Stored entries:
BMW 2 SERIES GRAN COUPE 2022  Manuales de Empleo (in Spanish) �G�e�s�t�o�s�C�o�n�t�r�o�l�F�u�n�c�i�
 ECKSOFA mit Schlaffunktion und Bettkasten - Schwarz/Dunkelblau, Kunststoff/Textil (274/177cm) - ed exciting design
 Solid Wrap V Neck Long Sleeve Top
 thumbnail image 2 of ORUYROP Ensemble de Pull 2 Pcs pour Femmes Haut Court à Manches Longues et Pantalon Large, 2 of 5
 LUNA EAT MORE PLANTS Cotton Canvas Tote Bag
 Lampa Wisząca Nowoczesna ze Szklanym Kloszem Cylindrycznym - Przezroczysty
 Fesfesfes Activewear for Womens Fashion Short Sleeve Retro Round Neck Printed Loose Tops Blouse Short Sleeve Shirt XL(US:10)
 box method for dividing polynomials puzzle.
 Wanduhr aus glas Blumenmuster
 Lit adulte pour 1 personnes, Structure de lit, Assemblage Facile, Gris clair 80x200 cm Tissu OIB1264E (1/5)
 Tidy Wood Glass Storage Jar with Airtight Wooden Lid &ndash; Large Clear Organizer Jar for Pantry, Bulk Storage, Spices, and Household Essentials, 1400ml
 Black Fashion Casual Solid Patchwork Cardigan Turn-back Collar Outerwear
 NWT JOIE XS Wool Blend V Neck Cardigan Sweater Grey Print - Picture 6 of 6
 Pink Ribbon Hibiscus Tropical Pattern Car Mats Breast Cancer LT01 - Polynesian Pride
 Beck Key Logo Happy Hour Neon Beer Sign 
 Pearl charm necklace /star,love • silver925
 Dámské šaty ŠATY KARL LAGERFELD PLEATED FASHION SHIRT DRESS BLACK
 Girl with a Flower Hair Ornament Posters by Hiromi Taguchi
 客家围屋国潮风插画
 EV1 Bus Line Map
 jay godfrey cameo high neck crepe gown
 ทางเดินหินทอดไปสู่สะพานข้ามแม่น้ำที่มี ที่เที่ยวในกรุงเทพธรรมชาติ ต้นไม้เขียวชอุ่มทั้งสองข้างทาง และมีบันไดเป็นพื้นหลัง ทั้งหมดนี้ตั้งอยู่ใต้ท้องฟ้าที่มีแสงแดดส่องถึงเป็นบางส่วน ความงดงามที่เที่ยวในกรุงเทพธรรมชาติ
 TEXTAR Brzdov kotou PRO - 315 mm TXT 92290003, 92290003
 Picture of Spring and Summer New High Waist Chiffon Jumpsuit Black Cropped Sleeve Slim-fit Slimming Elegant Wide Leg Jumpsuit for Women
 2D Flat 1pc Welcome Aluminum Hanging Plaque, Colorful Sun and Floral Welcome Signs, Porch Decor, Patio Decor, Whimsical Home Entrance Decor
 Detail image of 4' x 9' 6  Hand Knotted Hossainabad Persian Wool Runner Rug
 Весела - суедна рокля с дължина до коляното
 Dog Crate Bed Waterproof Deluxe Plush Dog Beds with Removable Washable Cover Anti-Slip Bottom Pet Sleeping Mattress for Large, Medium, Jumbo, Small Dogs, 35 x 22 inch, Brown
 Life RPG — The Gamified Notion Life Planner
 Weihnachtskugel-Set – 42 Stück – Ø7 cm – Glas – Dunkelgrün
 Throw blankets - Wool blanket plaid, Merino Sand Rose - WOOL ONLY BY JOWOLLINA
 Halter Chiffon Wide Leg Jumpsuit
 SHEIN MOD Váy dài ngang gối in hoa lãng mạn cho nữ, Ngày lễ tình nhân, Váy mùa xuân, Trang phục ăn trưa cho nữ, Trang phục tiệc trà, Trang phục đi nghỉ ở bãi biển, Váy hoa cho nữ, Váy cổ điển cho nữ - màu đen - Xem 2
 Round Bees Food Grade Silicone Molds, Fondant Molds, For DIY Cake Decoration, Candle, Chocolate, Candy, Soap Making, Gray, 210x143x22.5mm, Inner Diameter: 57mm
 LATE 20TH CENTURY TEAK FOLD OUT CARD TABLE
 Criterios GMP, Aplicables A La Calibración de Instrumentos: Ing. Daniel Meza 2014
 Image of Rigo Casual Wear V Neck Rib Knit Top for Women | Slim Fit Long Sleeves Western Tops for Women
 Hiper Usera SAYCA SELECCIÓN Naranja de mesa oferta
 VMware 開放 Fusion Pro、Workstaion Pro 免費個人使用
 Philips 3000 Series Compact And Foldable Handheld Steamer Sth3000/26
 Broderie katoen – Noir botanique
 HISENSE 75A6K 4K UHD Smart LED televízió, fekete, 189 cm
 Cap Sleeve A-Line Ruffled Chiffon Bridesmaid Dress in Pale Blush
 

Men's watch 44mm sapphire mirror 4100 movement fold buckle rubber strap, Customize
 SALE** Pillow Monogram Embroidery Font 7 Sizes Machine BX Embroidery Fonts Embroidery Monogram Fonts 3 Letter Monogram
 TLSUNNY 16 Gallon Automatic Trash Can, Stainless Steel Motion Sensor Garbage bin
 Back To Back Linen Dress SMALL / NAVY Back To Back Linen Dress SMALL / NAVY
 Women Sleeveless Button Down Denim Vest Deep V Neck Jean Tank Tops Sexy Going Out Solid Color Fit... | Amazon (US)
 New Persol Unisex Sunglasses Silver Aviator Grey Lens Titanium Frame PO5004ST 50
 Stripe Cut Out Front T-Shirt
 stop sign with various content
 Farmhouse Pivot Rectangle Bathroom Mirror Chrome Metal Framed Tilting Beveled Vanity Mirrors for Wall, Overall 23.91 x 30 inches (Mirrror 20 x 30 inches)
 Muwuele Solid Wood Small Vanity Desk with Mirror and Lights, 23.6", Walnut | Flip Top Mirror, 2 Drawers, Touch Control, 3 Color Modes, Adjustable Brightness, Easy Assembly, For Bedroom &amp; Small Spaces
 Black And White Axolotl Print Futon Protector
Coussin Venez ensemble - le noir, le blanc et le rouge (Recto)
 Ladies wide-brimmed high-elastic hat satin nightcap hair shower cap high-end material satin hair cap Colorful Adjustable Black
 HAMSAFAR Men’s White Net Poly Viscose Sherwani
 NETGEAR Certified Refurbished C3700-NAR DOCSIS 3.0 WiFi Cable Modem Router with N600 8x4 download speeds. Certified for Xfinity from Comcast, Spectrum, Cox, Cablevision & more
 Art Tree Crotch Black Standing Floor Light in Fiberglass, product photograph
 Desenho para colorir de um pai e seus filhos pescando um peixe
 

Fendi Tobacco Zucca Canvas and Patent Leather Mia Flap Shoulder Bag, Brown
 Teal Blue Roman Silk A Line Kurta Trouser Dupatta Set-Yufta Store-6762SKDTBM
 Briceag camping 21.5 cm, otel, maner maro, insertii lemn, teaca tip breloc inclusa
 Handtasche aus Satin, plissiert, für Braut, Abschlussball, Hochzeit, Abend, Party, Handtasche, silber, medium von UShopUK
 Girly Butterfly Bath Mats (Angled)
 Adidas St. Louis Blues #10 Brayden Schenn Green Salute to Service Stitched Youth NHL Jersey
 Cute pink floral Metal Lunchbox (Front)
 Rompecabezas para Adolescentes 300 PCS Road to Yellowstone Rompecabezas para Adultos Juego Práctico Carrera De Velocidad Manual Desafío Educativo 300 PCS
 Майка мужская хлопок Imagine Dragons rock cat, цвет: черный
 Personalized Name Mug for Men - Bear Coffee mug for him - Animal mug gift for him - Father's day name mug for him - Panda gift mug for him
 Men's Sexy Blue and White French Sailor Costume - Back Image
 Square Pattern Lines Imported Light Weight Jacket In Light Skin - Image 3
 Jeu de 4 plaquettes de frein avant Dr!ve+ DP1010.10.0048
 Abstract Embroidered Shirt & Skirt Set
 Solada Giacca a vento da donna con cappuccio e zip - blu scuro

> _Problem to solve_
Print exactly the lines from the one with "Girly Butterfly Bath Mats (Angled)" through the end of the data, inclusive.

> _Answer to this task_
 Girly Butterfly Bath Mats (Angled)
 Adidas St. Louis Blues #10 Brayden Schenn Green Salute to Service Stitched Youth NHL Jersey
 Cute pink floral Metal Lunchbox (Front)
 Rompecabezas para Adolescentes 300 PCS Road to Yellowstone Rompecabezas para Adultos Juego Práctico Carrera De Velocidad Manual Desafío Educativo 300 PCS
 Майка мужская хлопок Imagine Dragons rock cat, цвет: черный
 Personalized Name Mug for Men - Bear Coffee mug for him - Animal mug gift for him - Father's day name mug for him - Panda gift mug for him
 Men's Sexy Blue and White French Sailor Costume - Back Image
 Square Pattern Lines Imported Light Weight Jacket In Light Skin - Image 3
 Jeu de 4 plaquettes de frein avant Dr!ve+ DP1010.10.0048
 Abstract Embroidered Shirt & Skirt Set
 Solada Giacca a vento da donna con cappuccio e zip - blu scuro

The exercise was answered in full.